Iraq's once-mighty communist party marked its 75th anniversary this week with red banners and fanfare, convinced the dominance of the country's Islamic religious parties will not last forever. "Many people support us and I am sure that our influence will grow among the population in the coming months," the party's leader Hamid Musa told AFP at a celebration on Saturday night.
"The situation has not yet returned to normal, but things will change gradually. I'm optimistic," he said, adding that the Iraqi Communist Party (IPC) has more than 20,000 members.
Baghdad's National Theatre was decked with red hammer and sickle banners and Iraqi flags as hundreds of party faithful gathered to watch an operetta performed by a musical theatre group from Basra in southern Iraq.
Entitled "Shanan," the piece glorifies the courage of a communist activist who mobilises the people before being arrested.
For a time his followers feel demoralised and divided, but all ends well when they reunite to liberate him.
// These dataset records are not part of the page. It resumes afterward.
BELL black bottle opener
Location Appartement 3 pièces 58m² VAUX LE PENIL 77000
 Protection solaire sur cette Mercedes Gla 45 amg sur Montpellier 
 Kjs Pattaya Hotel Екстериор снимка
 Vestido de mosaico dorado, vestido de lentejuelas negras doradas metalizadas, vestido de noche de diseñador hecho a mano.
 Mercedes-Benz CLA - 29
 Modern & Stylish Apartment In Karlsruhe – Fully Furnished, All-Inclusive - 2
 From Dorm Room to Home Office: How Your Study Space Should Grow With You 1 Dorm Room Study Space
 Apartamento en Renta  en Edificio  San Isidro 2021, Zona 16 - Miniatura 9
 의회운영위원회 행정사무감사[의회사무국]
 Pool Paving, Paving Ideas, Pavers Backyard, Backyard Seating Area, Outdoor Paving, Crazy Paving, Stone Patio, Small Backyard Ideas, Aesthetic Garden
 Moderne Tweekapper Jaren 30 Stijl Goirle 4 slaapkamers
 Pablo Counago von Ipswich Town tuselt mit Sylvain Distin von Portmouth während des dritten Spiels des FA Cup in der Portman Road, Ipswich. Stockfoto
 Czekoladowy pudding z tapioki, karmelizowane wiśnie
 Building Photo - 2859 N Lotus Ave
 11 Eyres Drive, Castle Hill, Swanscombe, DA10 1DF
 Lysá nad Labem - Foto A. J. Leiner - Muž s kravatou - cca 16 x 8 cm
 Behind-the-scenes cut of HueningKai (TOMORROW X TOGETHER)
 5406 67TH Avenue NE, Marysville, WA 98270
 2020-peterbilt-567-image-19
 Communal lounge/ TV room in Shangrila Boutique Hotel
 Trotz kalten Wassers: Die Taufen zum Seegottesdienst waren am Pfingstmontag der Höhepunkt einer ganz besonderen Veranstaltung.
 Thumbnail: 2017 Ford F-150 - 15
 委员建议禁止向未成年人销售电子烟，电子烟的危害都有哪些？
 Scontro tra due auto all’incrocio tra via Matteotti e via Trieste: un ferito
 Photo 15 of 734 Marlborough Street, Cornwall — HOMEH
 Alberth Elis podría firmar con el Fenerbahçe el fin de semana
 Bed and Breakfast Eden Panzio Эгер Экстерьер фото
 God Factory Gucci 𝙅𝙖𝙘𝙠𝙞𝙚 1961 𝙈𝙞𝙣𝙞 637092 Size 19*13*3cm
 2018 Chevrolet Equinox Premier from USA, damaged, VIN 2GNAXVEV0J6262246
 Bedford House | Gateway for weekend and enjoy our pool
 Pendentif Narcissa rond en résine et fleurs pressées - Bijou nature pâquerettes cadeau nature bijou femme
During the 1950s and 1960s, the ICP was one of the strongest communist movements in the Middle East, but when Saddam
Hussein took power in 1979 he decimated the party with a series of mass arrests and executions. "My two uncles were murdered in 1979 because they were communists and the third fled to Paris, where he works as a taxi driver," said Ali Jabbar, a 17-year-old student wearing the red scarf of the youth movement.
"In my family we have always been communists, even under Saddam Hussein," he added. Although the communists opposed the 2003 US-led invasion of Iraq, they have since played an active, if limited, role in the government.
Science and Technology Minister Raed Jahed Fahmi is a member of the party as are two MPs, who ran on the secular ticket of former Shiite prime minister Iyad Allawi in 2005 elections but are no longer allied with him.
ICP leader Musa hopes to form an electoral list with other left-wing groups in parliamentary elections slated for later this year, but says his party will otherwise run alone.